Top of Dataset extract

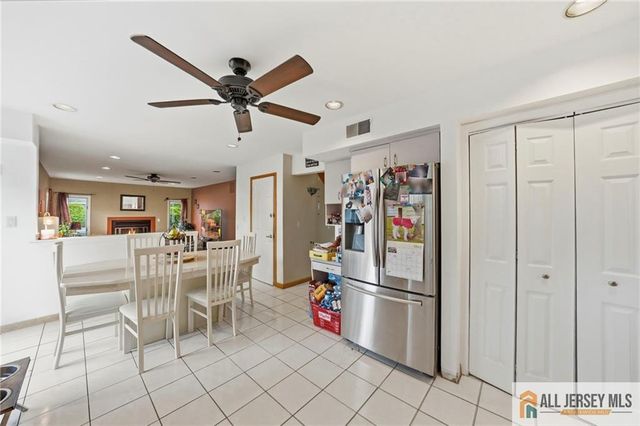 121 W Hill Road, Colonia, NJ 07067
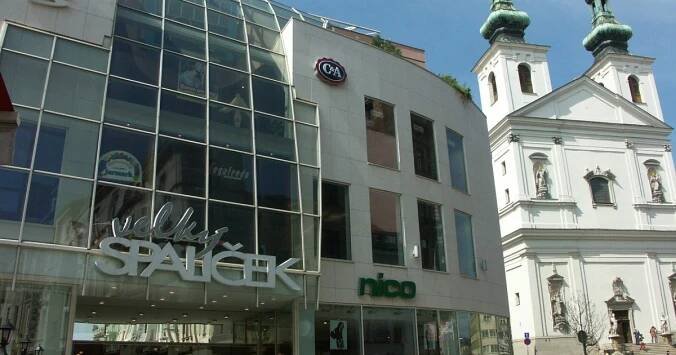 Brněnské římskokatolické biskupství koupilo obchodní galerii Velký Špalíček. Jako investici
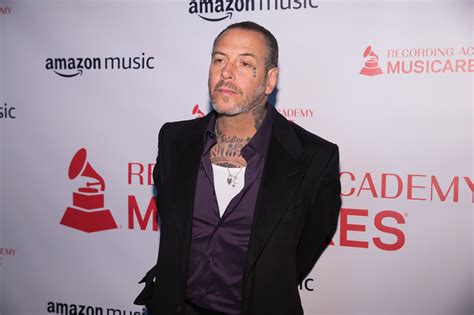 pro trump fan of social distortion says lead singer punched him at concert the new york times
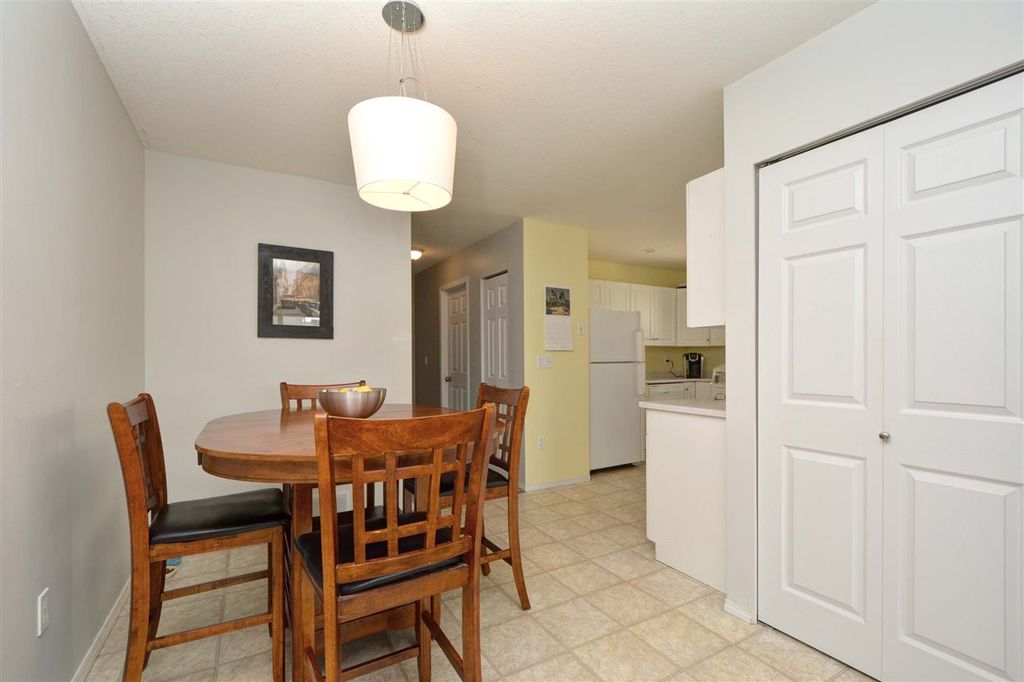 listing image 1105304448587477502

Bottom of Dataset extract

**To do**
Dropping every picture, restate the material word for word.

**Expected output**
 121 W Hill Road, Colonia, NJ 07067
 Brněnské římskokatolické biskupství koupilo obchodní galerii Velký Špalíček. Jako investici
 pro trump fan of social distortion says lead singer punched him at concert the new york times
 listing image 1105304448587477502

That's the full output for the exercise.